**Task directions:** Nothing but the pictures is dropped; write out all the remaining data below exactly.

**Data block:**
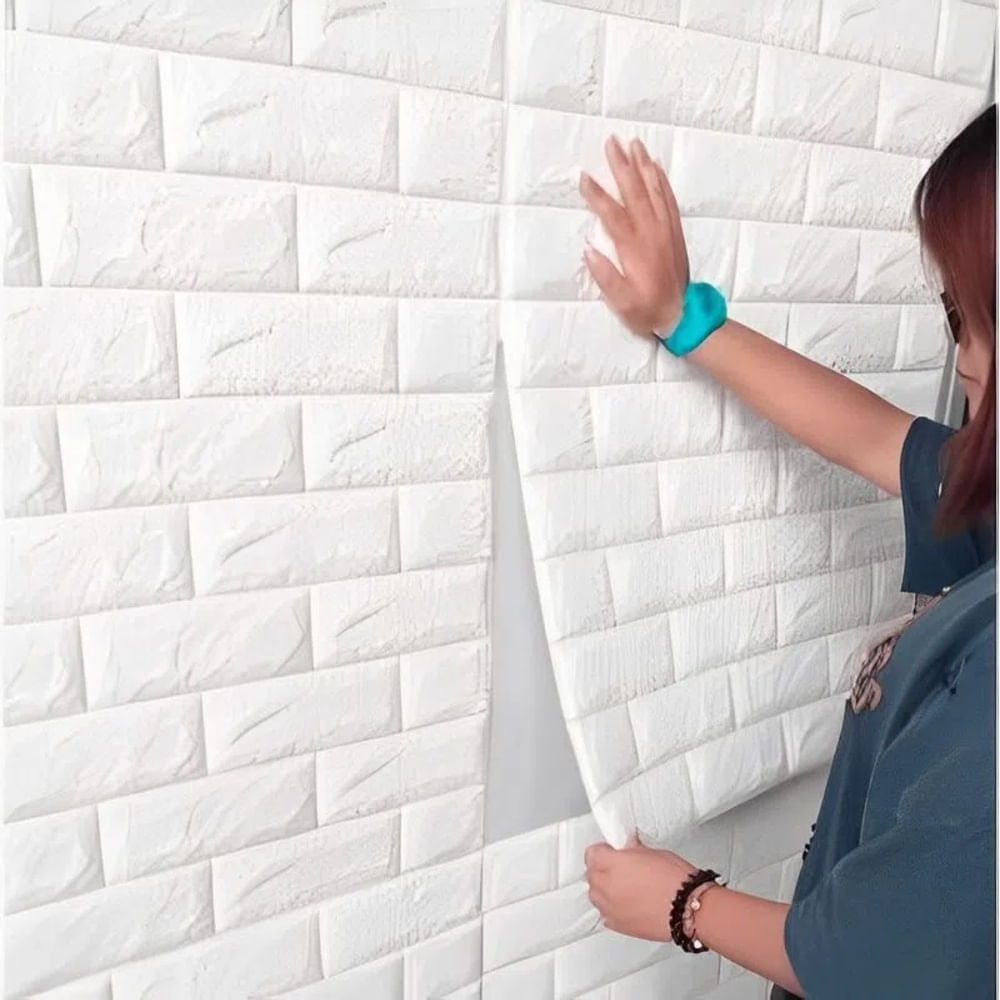 Papel tapiz ladrillo mural decorativo 3d autoadhesivo - blanco GENERICO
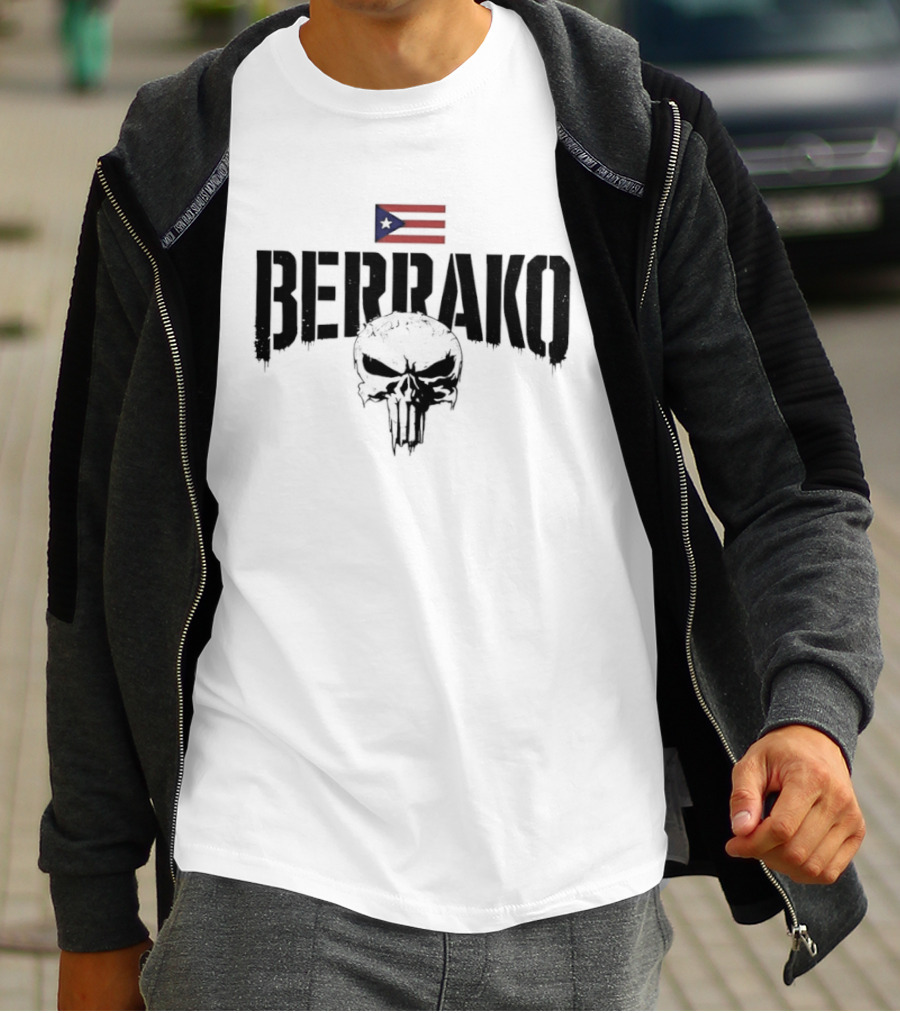Berrako Skull Puerto Rican Flag T-Shirt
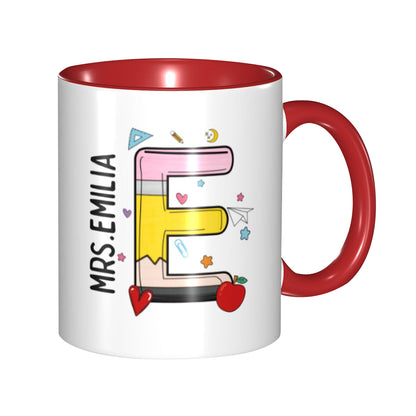 Personalized Name Teacher Mug, 11oz Ceramic Mug, Apple Pencil Notebook Design Teacher's Cup, Teacher's Day/Appreciation/Christmas Gift for Teachers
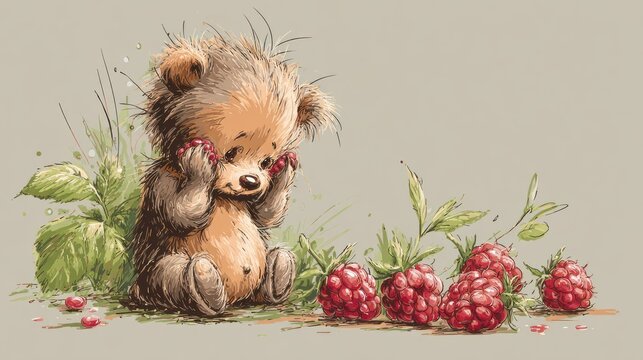 Fluffy small creature with delicate paws carefully holds bright red berries near green foliage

**Response for this exercise:**
 Papel tapiz ladrillo mural decorativo 3d autoadhesivo - blanco GENERICO
Berrako Skull Puerto Rican Flag T-Shirt
 Personalized Name Teacher Mug, 11oz Ceramic Mug, Apple Pencil Notebook Design Teacher's Cup, Teacher's Day/Appreciation/Christmas Gift for Teachers
 Fluffy small creature with delicate paws carefully holds bright red berries near green foliage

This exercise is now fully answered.